ORIGINAL: carlosponti
i dont disagree with you about the blame game either. I am just trying to say that small software companies are in the same boat as big software companies in stating that there isnt enough interest when there most certainly is interest.
They're not really in the same boat though. A big company like Adobe could probably afford to assign a team of people to port Photoshop to Linux, try to market it, discover that it's not profitable at this time, and just swallow the loss and carry on with their business. Or they could even keep supporting it at a loss for a few years until Linux usage picks up enough that it actually becomes profitable. A small business on the other hand could very easily bankrupt themselves if they did the same thing and it didn't turn out to be profitable in the short term. So I think if you're looking for companies to pressure into getting the Linux ball rolling, it makes more sense to focus on bigger companies that can afford to experiment more.

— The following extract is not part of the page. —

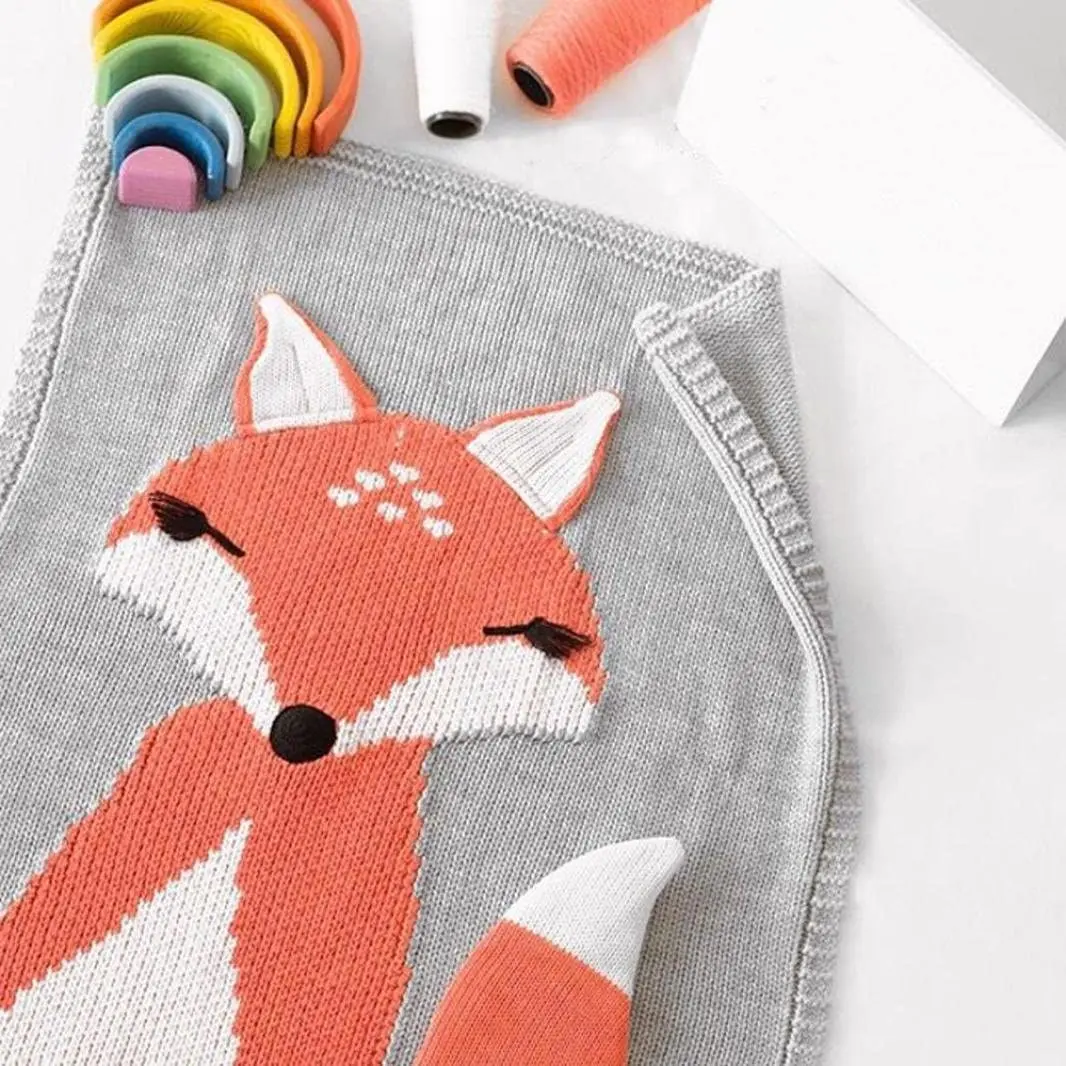 Новое Детское трикотажное одеяло с лисой животными для новорожденных детский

i stopped using my real flight G2 because i dropped dual booting and started using Ubuntu exclusively. and it wont work with wine either because of the crappy inter-controller or what ever that thing is called. it runs but doesnt detect the usb controller that comes with the software.

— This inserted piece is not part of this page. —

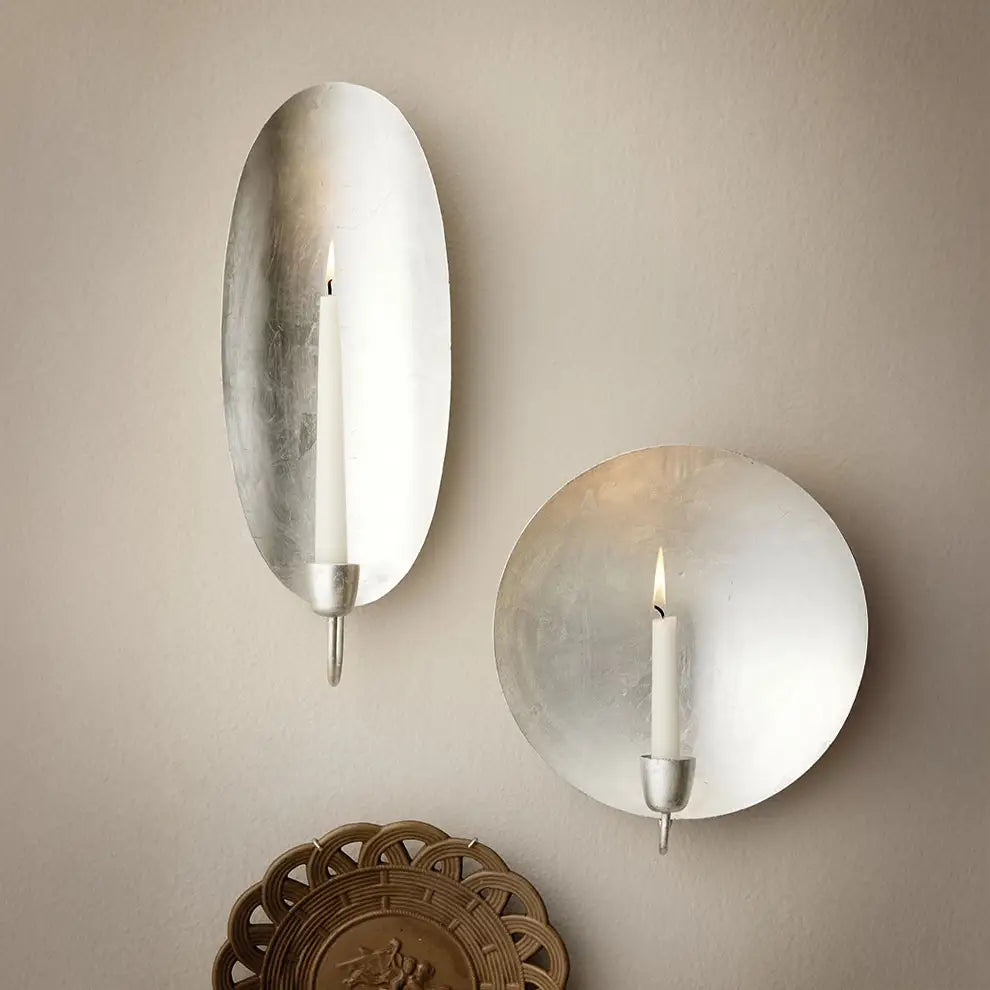 Silver Wall Light / Oval / Kerzenhalter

Have you tried Crossover from codeweavers.com? It's a commercial version of Wine which works a lot better. They've made it mostly painless to install Windows apps, and greatly improved USB and graphics support. I use it to run MS Office under Linux, and believe it or not, MS Word actually starts up faster than the native Linux version of OpenOffice Writer. I know they've also done work to make USB support better, so it might allow you use if it otherwise runs. codeweavers has a fully functional demo.